Mugabe protests over way his close ally Gaddafi was killed

PHOTO | AFP
A picture taken on April 10, 2011 shows Muammar Gaddafi gesturing outside his tent at his Bab al-Aziziya residence after his meeting with African leaders in Tripoli.

What you need to know:

  • President did not agree with Gaddafi when he opened his system to the West

HARARE, Monday

Zimbabwe President Robert Mugabe had serious differences with the slain Libyan leader Colonel Muammar Gaddafi but it also against the way he was eliminated, the veteran ruler has said.

Col Gaddafi was killed on Thursday weeks after his 42 year old administration collapsed under the weight of Nato led airstrikes and a rebel insurgency.

President Mugabe had always been considered an ally of the late Libyan leader and is one of the few African leaders who strongly criticised Nato’s involvement in the North African country’s civil war.

Serious differences

“There were serious differences, founded on principle, between President Mugabe and Col Gaddafi,” the president’s spokesmen Mr George Charamba told the state owned Mail newspaper.

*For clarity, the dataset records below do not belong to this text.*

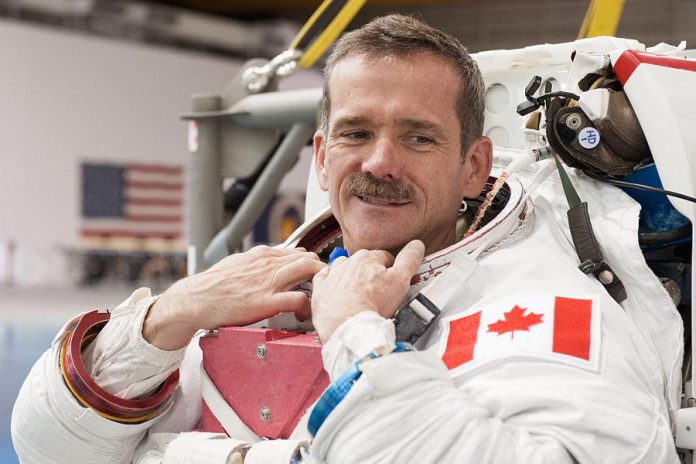 Colonel Chris Hadfield, the first Canadian to walk in space and the first Canadian to command the International Space Station, will speak at Lindsay's Academy Theatre on May 11 at a fundraiser for the United Way of City of Kawartha Lakes (photo: Chris Hadfield / NASA)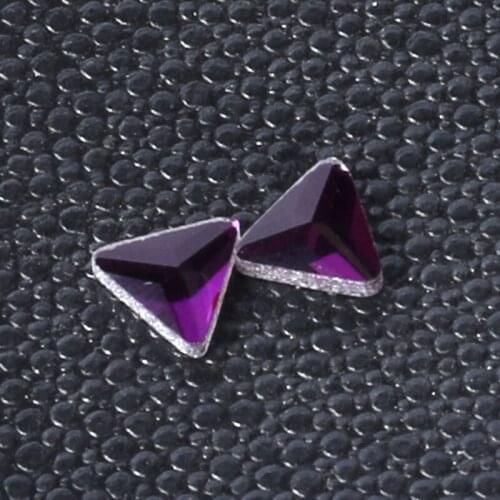 2018 superior quality purple trianglar flat back glass crystal Rhinestones DIY mobile phone shell and wedding dress 20pcs/pack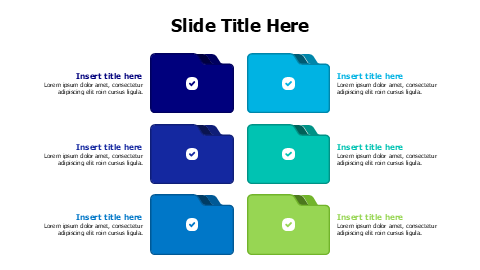 6 colored envelopes infographic with icons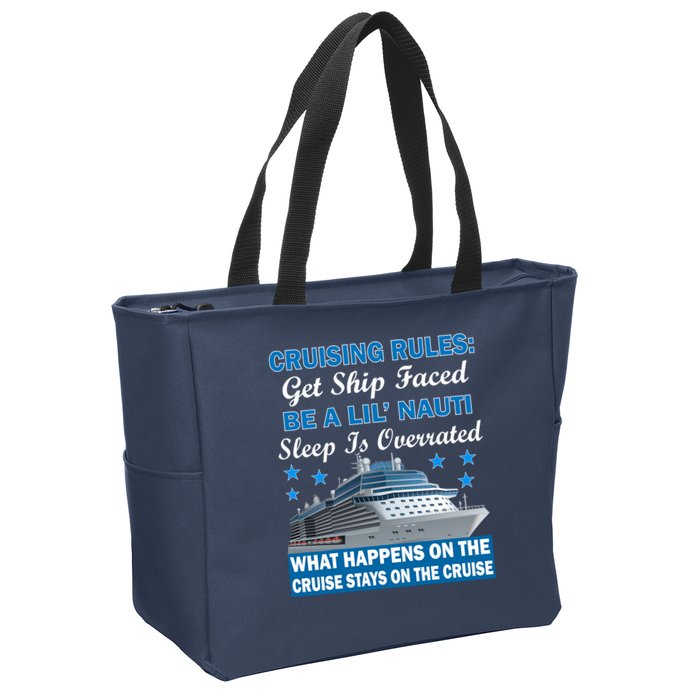 Cruising Rules Get Ship Faced Funny Cruise Zip Tote Bag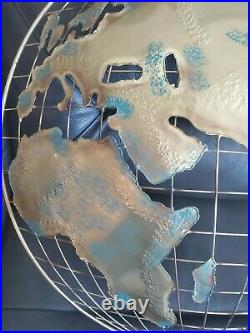 MCM SIGNED C Jere WORLD GLOBE MAP Wall METAL ART BRUTALIST Sculpture VTG 54
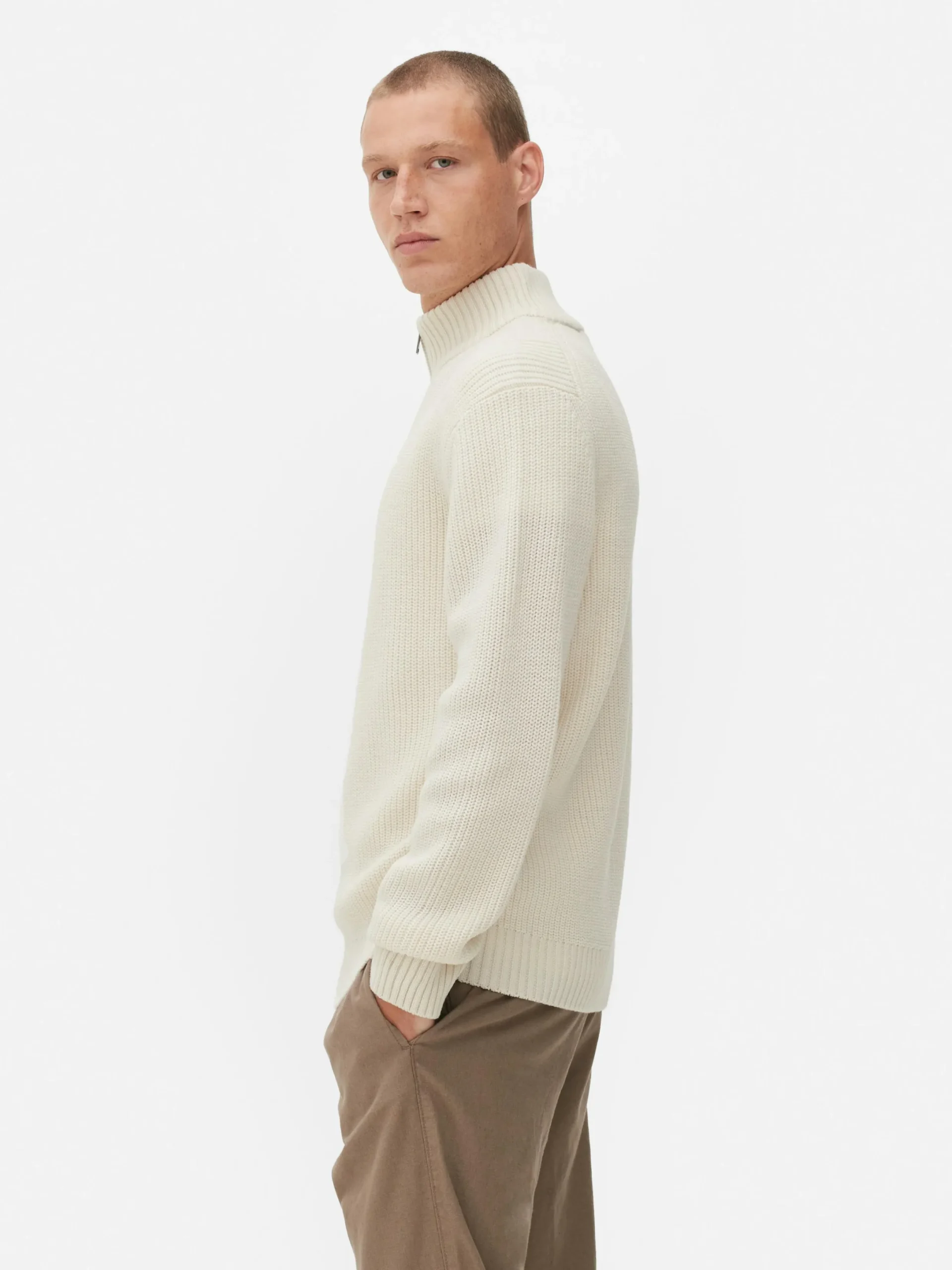 Pullover Und Cardigans|Primark Rippenstrick-Pullover Mit Reißverschluss Hellbeige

“President Mugabe did not agree with Col Gaddafi when he opened his system to the West from the military to the economy, in the name of rapprochement.”

He said the Zimbabwean ruler himself in power since 1980 and accused of committing atrocities against his own people also did not agree with the eccentric Libyan leader’s concept of a United States of Africa.

Mr Charamba said Nato lacked the moral right to intervene in Libya even when Col Gaddafi’s regime was threatening to use strong arm tactics to crush the uprising.

However, the president’s spokesman credited Col Gaddafi for playing a crucial rule in Zimbabwe’s fight for independence from colonial rule.

“The relationship between Zimbabwe and Libya dates back to and is rooted in the days of the liberation struggle when thousands of Zimbabwean liberation war fighters went to the African country for military training,” Mr Charamba added.

“Even the integration of the army at independence in 1980 was aided by Libya. We have very senior officers in government who went to that country for further training.”

Col Gaddafi was also one of the few supporters of President Mugabe’s often violent seizure of white owned farms.

Zimbabwe has refused to recognise Libya’s National Transitional Council government.